What needs to be done: The answer should hold nothing but the lines from the one with "GARDENA PowerRoll XL" through the end of the listing below, each exactly as written.

Record extracts:
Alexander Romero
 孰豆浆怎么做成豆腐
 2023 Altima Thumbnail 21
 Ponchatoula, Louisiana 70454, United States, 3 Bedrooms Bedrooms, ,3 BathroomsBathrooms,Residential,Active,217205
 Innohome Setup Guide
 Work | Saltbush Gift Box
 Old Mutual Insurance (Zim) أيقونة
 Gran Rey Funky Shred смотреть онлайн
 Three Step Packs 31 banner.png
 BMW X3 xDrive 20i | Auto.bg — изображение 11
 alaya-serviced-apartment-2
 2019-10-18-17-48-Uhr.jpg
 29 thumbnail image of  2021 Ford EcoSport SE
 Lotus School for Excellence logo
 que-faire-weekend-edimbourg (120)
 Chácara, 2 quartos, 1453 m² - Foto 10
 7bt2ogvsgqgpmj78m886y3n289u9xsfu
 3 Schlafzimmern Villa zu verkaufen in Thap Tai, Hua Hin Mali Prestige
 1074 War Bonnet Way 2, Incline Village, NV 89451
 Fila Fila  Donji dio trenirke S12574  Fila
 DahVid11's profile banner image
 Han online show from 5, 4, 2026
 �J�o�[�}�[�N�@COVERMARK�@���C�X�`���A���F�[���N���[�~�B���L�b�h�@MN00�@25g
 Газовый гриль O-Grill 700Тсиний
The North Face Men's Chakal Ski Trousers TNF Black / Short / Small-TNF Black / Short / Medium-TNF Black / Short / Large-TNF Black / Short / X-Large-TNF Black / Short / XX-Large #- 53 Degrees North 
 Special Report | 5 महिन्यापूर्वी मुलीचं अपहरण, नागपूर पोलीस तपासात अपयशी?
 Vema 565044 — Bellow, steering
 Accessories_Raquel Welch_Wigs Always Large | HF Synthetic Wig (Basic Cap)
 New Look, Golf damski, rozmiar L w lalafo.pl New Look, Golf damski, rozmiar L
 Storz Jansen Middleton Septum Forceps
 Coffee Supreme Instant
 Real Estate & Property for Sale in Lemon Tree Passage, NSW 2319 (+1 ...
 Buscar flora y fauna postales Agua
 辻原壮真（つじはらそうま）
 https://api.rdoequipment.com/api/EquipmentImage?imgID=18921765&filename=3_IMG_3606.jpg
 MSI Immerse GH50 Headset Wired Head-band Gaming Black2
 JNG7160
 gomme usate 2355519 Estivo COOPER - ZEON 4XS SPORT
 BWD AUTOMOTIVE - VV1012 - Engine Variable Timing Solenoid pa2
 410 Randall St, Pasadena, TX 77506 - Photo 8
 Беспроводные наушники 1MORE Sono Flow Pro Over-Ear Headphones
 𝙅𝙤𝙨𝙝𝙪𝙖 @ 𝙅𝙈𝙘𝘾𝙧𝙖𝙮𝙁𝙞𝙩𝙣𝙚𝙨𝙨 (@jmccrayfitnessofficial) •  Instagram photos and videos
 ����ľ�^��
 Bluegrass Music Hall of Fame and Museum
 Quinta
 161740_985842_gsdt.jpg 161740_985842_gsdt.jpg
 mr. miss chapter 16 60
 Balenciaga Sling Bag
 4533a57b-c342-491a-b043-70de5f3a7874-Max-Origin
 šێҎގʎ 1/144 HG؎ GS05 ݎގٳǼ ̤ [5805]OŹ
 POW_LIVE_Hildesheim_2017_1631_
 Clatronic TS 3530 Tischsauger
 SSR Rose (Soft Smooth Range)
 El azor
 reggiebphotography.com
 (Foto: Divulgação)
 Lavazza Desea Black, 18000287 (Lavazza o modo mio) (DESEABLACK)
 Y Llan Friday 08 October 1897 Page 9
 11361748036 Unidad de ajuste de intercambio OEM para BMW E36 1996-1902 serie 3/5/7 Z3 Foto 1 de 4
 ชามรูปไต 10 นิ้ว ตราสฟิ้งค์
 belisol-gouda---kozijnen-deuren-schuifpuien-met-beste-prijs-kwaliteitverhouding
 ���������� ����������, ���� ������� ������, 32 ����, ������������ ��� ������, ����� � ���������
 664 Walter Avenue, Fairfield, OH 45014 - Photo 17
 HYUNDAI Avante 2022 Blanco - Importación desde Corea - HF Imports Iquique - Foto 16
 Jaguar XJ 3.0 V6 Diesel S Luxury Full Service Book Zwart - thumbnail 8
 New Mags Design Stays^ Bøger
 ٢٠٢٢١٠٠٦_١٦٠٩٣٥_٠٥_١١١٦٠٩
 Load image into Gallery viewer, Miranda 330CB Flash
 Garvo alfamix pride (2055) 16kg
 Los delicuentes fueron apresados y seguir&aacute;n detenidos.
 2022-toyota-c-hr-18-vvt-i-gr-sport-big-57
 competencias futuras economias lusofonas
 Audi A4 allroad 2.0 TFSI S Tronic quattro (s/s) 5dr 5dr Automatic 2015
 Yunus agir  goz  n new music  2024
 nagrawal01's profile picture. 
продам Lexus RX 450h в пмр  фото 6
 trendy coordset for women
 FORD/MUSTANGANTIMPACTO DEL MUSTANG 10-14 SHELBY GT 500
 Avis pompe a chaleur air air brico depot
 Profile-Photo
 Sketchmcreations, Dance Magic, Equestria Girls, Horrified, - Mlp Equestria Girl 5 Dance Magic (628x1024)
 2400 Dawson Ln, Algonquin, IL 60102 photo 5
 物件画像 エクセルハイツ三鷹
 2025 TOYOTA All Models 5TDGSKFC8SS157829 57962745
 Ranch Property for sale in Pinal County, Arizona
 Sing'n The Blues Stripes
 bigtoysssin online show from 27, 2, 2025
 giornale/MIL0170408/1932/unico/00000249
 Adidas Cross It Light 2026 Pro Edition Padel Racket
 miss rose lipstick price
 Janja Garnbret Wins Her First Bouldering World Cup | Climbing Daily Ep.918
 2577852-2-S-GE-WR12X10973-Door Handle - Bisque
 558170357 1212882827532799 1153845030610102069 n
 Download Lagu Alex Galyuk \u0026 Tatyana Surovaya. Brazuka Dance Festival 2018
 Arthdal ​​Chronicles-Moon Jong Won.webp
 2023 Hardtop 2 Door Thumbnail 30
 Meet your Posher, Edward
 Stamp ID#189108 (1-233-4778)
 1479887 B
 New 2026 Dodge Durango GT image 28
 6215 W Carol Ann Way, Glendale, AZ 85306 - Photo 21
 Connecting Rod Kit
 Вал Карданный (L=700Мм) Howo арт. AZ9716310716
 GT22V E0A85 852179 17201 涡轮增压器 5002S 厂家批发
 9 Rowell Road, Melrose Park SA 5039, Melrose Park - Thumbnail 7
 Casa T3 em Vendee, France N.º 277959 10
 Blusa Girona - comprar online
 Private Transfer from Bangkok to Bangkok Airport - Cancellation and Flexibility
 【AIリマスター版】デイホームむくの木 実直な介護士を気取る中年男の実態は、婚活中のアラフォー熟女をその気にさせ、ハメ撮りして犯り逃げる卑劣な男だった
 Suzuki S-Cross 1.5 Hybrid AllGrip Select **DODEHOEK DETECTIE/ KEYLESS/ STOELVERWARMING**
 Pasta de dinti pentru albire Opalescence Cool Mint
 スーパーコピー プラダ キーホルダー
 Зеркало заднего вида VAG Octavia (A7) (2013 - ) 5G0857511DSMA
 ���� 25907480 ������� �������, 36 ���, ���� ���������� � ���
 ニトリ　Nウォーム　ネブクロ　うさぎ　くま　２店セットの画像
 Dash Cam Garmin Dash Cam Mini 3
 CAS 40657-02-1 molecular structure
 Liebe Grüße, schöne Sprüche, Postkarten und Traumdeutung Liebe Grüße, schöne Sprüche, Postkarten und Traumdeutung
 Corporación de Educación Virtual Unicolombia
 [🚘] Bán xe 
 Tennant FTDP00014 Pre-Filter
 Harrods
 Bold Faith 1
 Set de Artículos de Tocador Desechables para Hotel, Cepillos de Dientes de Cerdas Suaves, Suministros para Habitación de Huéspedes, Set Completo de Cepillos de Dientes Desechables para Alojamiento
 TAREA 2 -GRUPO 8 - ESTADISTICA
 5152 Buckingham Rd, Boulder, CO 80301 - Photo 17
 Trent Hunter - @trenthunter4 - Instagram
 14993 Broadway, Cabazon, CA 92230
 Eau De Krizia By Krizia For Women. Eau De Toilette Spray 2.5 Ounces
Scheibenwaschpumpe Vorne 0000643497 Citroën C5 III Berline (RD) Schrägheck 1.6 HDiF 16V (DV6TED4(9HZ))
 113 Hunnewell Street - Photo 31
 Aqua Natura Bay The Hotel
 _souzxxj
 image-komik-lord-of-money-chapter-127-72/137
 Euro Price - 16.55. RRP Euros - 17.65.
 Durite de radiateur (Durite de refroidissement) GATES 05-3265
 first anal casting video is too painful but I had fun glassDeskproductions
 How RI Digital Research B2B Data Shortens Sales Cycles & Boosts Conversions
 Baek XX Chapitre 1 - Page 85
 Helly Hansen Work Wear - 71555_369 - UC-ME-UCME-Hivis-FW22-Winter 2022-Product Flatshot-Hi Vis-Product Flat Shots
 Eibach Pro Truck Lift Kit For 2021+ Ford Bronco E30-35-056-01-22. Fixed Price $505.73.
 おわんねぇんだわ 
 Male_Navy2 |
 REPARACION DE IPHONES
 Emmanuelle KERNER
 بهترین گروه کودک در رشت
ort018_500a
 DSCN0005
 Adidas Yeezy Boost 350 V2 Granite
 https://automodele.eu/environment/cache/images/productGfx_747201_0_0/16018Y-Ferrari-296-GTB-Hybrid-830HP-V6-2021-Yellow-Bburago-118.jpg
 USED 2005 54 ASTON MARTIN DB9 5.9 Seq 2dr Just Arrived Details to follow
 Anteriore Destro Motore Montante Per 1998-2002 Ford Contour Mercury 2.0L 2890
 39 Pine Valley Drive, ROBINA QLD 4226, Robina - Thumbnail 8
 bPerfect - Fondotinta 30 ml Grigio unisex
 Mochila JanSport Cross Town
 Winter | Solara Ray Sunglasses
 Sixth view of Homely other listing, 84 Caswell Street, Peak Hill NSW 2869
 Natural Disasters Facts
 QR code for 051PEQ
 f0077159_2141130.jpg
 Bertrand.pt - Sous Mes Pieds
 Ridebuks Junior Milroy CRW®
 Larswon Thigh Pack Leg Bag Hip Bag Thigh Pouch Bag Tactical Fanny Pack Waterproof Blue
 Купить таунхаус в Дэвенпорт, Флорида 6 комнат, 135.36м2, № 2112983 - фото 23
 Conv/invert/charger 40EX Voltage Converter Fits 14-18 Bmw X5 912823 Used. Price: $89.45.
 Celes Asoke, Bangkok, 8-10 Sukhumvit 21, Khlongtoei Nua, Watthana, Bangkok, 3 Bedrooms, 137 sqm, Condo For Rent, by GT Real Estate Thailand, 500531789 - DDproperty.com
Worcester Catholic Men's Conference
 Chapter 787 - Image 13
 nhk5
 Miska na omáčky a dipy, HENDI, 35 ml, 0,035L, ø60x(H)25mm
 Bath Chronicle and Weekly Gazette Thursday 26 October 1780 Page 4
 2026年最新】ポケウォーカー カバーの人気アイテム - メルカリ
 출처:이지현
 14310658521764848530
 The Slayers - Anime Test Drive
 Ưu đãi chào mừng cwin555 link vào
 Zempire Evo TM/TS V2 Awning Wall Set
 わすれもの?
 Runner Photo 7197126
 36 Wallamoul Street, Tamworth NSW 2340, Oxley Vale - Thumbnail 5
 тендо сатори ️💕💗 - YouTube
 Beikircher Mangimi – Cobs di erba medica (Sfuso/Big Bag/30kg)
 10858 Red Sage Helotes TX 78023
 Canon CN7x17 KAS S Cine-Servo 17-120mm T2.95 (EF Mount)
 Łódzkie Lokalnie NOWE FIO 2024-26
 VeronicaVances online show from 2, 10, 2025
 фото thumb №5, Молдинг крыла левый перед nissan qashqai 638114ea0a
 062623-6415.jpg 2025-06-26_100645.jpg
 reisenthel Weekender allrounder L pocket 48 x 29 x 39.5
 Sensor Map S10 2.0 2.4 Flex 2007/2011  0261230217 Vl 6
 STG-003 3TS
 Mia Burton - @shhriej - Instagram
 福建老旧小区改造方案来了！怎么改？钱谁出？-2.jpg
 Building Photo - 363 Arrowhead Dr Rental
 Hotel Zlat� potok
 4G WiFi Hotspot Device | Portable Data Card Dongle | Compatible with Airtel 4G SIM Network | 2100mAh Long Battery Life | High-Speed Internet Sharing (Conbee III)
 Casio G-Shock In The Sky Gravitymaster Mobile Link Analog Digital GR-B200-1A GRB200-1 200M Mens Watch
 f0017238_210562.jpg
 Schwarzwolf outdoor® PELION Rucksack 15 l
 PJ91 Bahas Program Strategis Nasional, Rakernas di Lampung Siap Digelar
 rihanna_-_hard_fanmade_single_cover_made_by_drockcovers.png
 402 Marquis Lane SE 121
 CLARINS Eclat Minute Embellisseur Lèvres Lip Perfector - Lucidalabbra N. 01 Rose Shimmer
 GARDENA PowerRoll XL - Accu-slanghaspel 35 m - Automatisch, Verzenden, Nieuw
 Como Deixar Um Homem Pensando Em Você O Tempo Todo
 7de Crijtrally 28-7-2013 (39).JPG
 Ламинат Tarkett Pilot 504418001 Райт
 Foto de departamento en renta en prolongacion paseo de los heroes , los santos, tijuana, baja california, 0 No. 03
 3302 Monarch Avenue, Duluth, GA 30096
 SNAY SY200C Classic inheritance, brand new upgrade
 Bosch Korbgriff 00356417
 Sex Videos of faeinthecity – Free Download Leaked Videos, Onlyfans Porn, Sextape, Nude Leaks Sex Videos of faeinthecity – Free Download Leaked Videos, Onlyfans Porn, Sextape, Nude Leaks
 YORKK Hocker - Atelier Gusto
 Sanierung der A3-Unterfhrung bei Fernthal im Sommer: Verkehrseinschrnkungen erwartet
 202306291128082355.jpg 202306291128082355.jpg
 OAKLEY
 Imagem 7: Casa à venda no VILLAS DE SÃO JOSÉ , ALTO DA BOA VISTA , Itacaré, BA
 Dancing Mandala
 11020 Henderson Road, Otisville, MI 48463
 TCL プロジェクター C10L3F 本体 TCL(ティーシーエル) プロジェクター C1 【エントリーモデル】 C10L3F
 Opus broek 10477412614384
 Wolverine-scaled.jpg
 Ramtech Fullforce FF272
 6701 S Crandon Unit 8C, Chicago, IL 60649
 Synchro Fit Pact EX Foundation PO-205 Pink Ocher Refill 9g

Response to the exercise:
 GARDENA PowerRoll XL - Accu-slanghaspel 35 m - Automatisch, Verzenden, Nieuw
 Como Deixar Um Homem Pensando Em Você O Tempo Todo
 7de Crijtrally 28-7-2013 (39).JPG
 Ламинат Tarkett Pilot 504418001 Райт
 Foto de departamento en renta en prolongacion paseo de los heroes , los santos, tijuana, baja california, 0 No. 03
 3302 Monarch Avenue, Duluth, GA 30096
 SNAY SY200C Classic inheritance, brand new upgrade
 Bosch Korbgriff 00356417
 Sex Videos of faeinthecity – Free Download Leaked Videos, Onlyfans Porn, Sextape, Nude Leaks Sex Videos of faeinthecity – Free Download Leaked Videos, Onlyfans Porn, Sextape, Nude Leaks
 YORKK Hocker - Atelier Gusto
 Sanierung der A3-Unterfhrung bei Fernthal im Sommer: Verkehrseinschrnkungen erwartet
 202306291128082355.jpg 202306291128082355.jpg
 OAKLEY
 Imagem 7: Casa à venda no VILLAS DE SÃO JOSÉ , ALTO DA BOA VISTA , Itacaré, BA
 Dancing Mandala
 11020 Henderson Road, Otisville, MI 48463
 TCL プロジェクター C10L3F 本体 TCL(ティーシーエル) プロジェクター C1 【エントリーモデル】 C10L3F
 Opus broek 10477412614384
 Wolverine-scaled.jpg
 Ramtech Fullforce FF272
 6701 S Crandon Unit 8C, Chicago, IL 60649
 Synchro Fit Pact EX Foundation PO-205 Pink Ocher Refill 9g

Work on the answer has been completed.